I like Suze Orman’s advice to start planning when you’re 50. Although I’ve heard all the statistics about problems that occur earlier, you’ve got plenty on your plate before age 50 to worry about long term care. Maybe long term care insurance, a larger cash reserve, or better estate and health care plans with an attorney are appropriate.
Notice the price of gas? I was thinking about refinancing my house to fill up my tank last week. At a time when the grocery bill and gasoline costs are skyrocketing, your money can’t be sitting in a savings account earning pennies. If you don’t invest to beat rising prices, your savings will melt without you spending a penny.
Here’s a third-grade story problem: if the price of bread rises five percent and you only earn two, how much buying power have you lost? Don’t go for the calculator. Whatever the number, it’s too much. Get worried about inflation.
In Japan, it was an earthquake, tsunami, nuclear radiation, and aftershocks. For you, it hopefully won’t be that dramatic when a surprise occurs. Maybe there’s an unexpected tax change, a sister-in-law who needs money or the dishwasher that breaks down, forcing you to take money from your hard-earned savings.

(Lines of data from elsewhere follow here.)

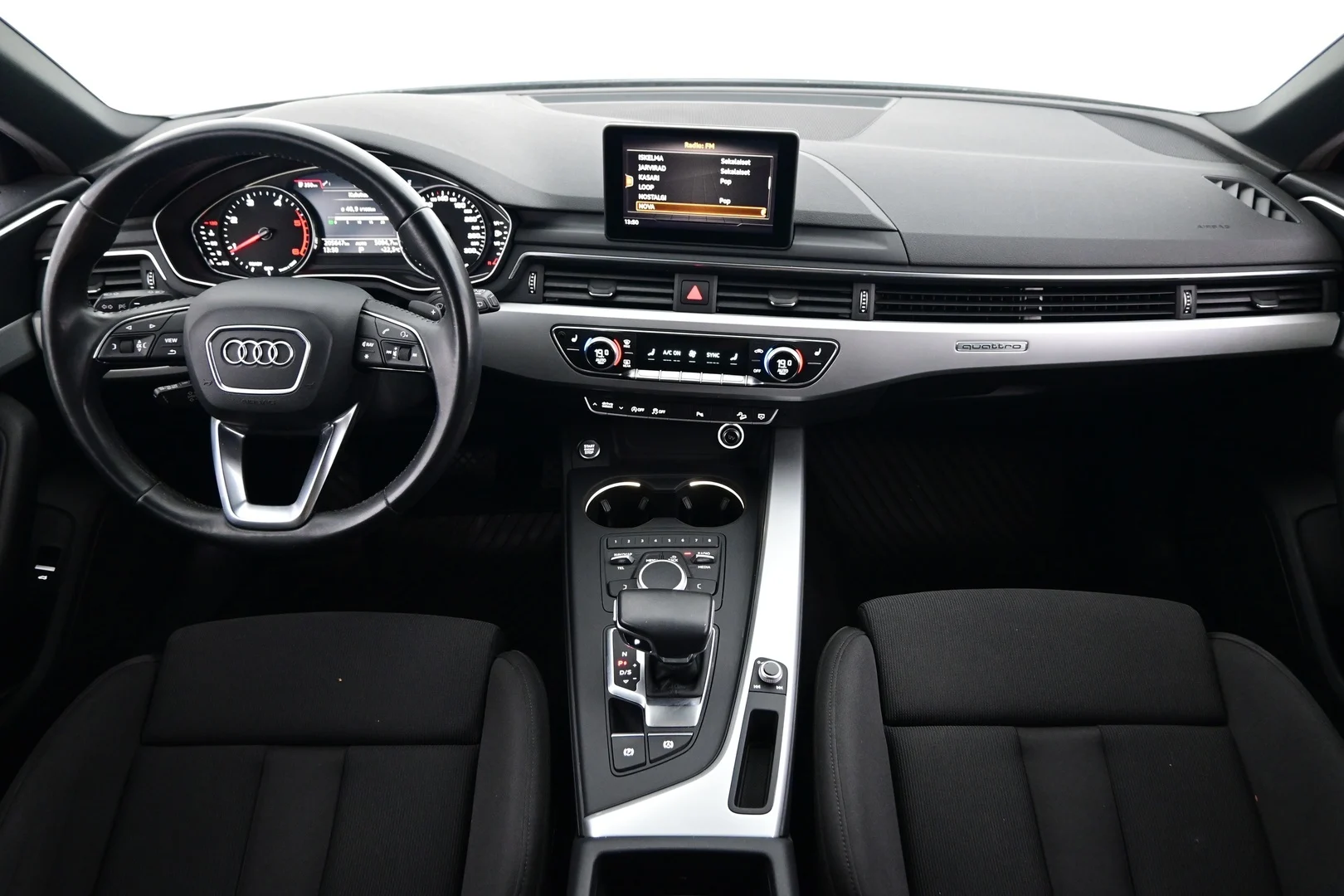 Car Image - 1aYcPEL33i1Z7Ka0vxQs1X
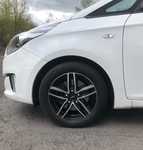 KIA CARENS jsme obuli na Alu kolo DEZENT 6.5x16" ET48, 5x114.3x67 a Continental ContiEcoContact 5 205/55 R16 91V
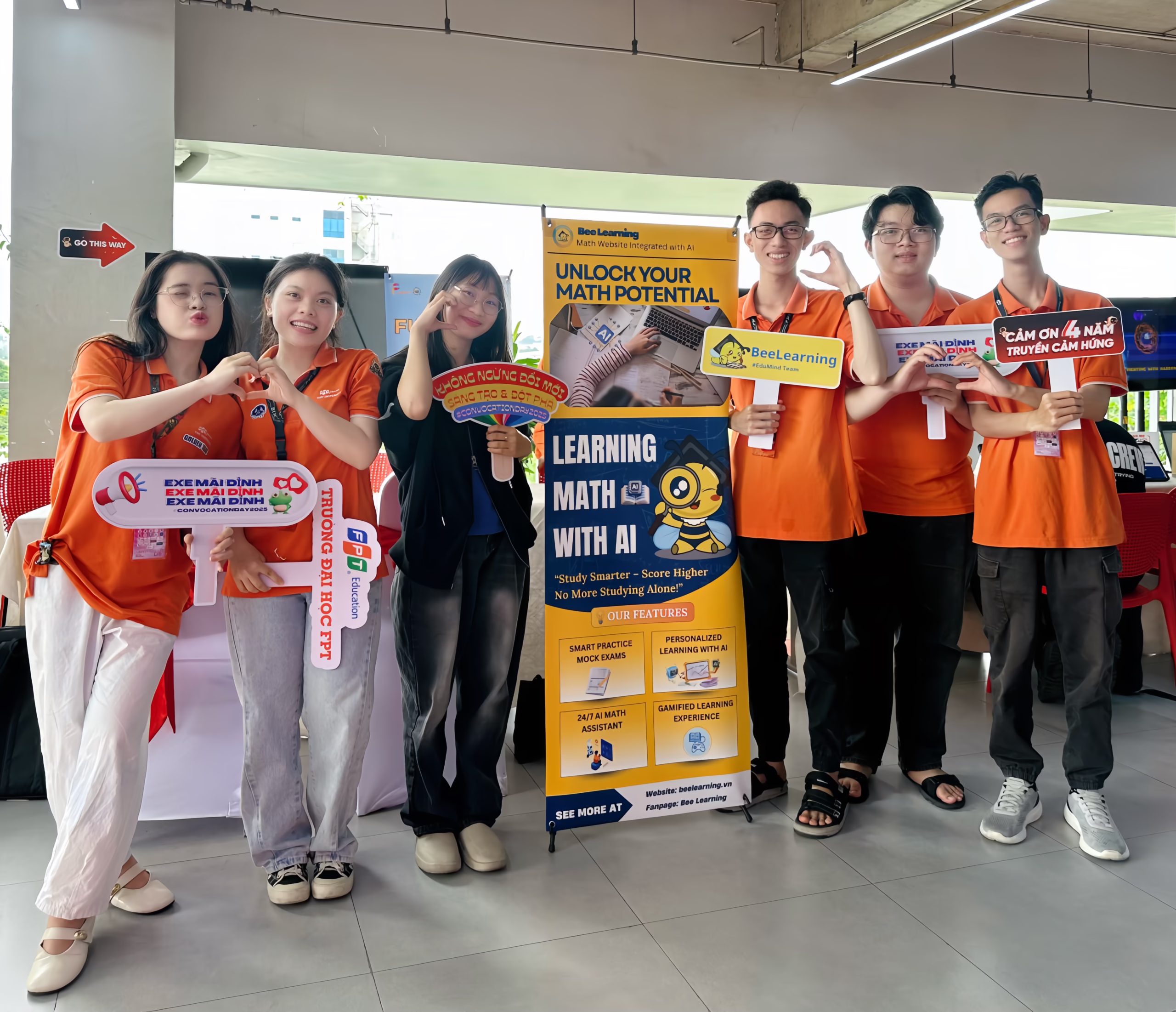 Convocation Day Dự án BeeLearningcủa nhóm sinh viên khoá K18 FPTU được giới thiệu tại sự kiện trải nghiệm dành cho học sinh THPT - Open Day 2026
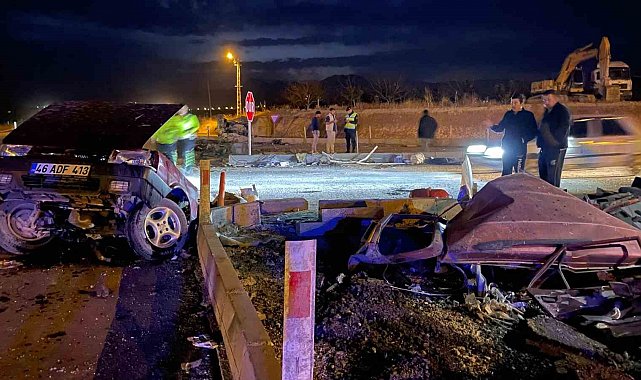 Kazada Fiat Tofaş ikiye ayrıldı: 2 yaralı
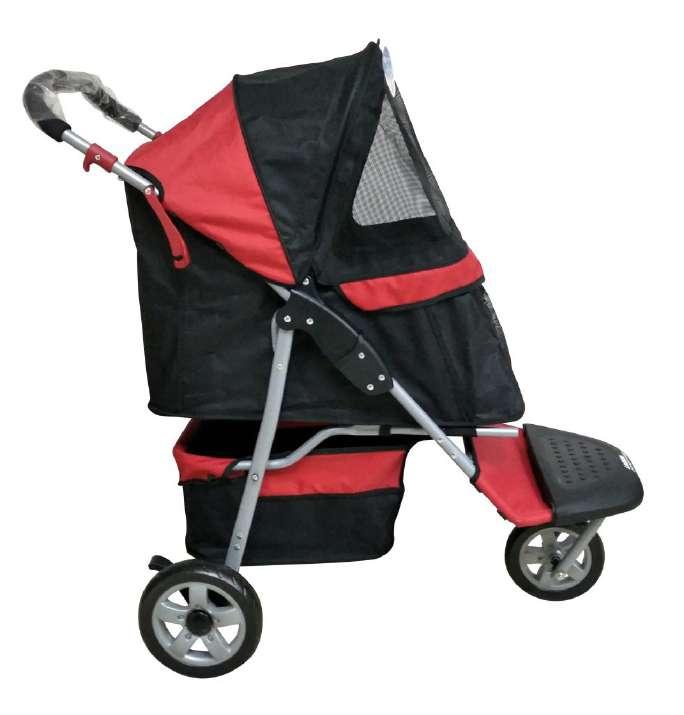 IPS-106 InnoPet Pet Buggy InnoPet Pet Buggy. Questo passeggino per animali domestici è spazioso e adatto a 2 cani di piccola taglia fino a un peso totale di 15kg.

Keeping cash reserves and insurance policies current can help you spring into action without worrying about your long-term ability to stay retired when unexpected events strike.
Although you can’t predict disasters, you can plan to minimize the damage by planning. If you’re worried about retirement, address the cost of health care, inflation, and the threat of unexpected events early, and you’ll have a much better chance of retiring safely and staying retired.